Sarapatel em 'Um estranho em Goa' romance de José Eduardo Agualusa (2000)

Capaz de devolver a lucidez aos ébrios mais tenazes

____________________________________________________________

Ontem ao regressar ao Grande Hotel do Oriente encontrei um sujeito em pé, encostado à parede, absolutamente imóvel. Ao longe, recortado contra a luz amarela da fachada, parecia uma sombra sem corpo. Um homem invisível deveria projetar silhueta semelhante. O chapéu cobria-lhe os olhos. Ao aproximar-me vi que era Elias, o Segredo, com o seu luto compacto. Só se moveu quando cheguei junto dele. Tirou um envelope do bolso e entregou-mo. Era um convite de Plácido Domingo: "Venha amanhã almoçar comigo e traga as fotografias. Lembrei-me de alguns episódios que talvez sejam do seu interesse. Venha antes que eu me esqueça." Plácido Domingo gosta de cozinhar. Serviu-me primeiro um caloroso muzonguê, caldo de peixe cuja fama de devolver a lucidez aos ébrios mais tenazes, quando não de regenerar defuntos, o tornou muito popular na culinária luandense. Queixou-se de não dispor em Goa do terrível jindungo cahombo, malagueta perfumada, muito agressiva, principal responsável pelo abençoado ardor do muzonguê.
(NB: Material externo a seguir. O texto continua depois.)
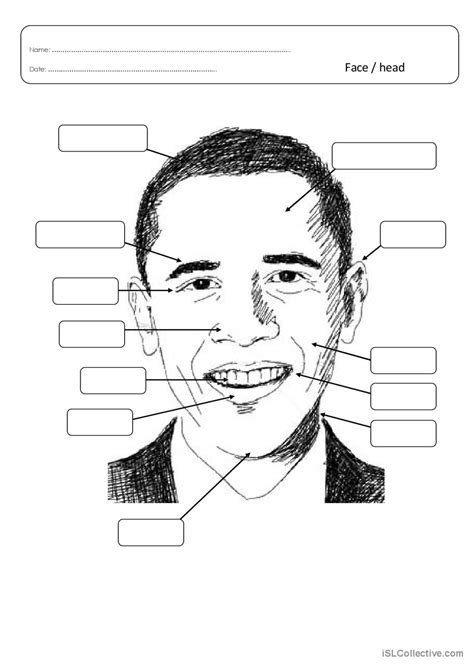 What Are The Parts Of The Head Called at Victor Bartlett blog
A seguir deu-me a provar o famoso sarapatel, prato que se acredita descender em linha direta do sarrabulho lusitano. Pode ser que sim. No sarapatel a carne de porco arde ao lume denso do molho de masala – um urdume de ferozes especiarias, jindungo, cravo-da-índia, pimenta, cominho, canela, tudo isto, e mais alguns mistérios, moído em vinagre –, suavizado, apenas quanto baste, pela doçura acre da polpa de tamarindo. É um prato a um tempo infernal e paradisíaco. Comi, sem poupar o vinho, um amável mas vigoroso Barca Velha, de 1982, com tal apetite que no fim, exausto, num estado de inefável felicidade, me achava capaz de perdoar qualquer ofensa, passada ou futura. O velho aproveitou a ocasião: — Naquela tarde, na Basílica de Bom Jesus, hipnotizei-o...
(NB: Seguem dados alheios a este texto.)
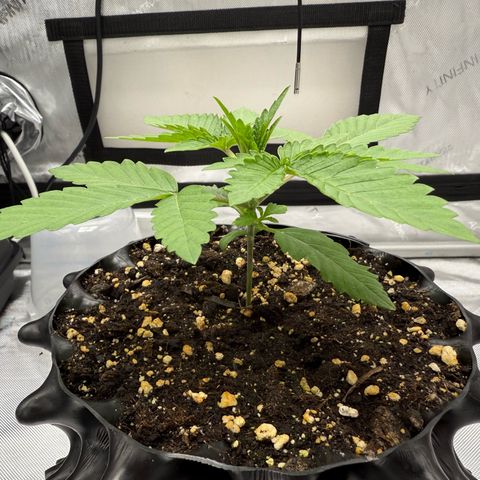 Pink Mist [ScrOG] growlog timeline photo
________________________________

José Eduardo Agualusa
Um Estranho em Goa
2000

_______________________
José Eduardo Agualusa é um escritor angolano, nascido em 1960, e um dos mais renomados escritores africanos da atualidade. O livro "Um Estranho em Goa", narra a história de um escritor angolano que vai para Goa, uma antiga colônia portuguesa na Índia, para participar de um festival literário. Lá, ele se depara com uma série de eventos misteriosos e encontros com personagens estranhos, que o fazem questionar a realidade e a verdadeira natureza da ficção. O livro é uma mistura de realismo e fantasia, que explora questões de identidade, colonialismo, literatura e existência. "Um Estranho em Goa" é considerado uma das obras mais importantes de Agualusa e foi premiado com o Grande Prêmio de Romance e Novela da Associação Portuguesa de Escritores em 2000.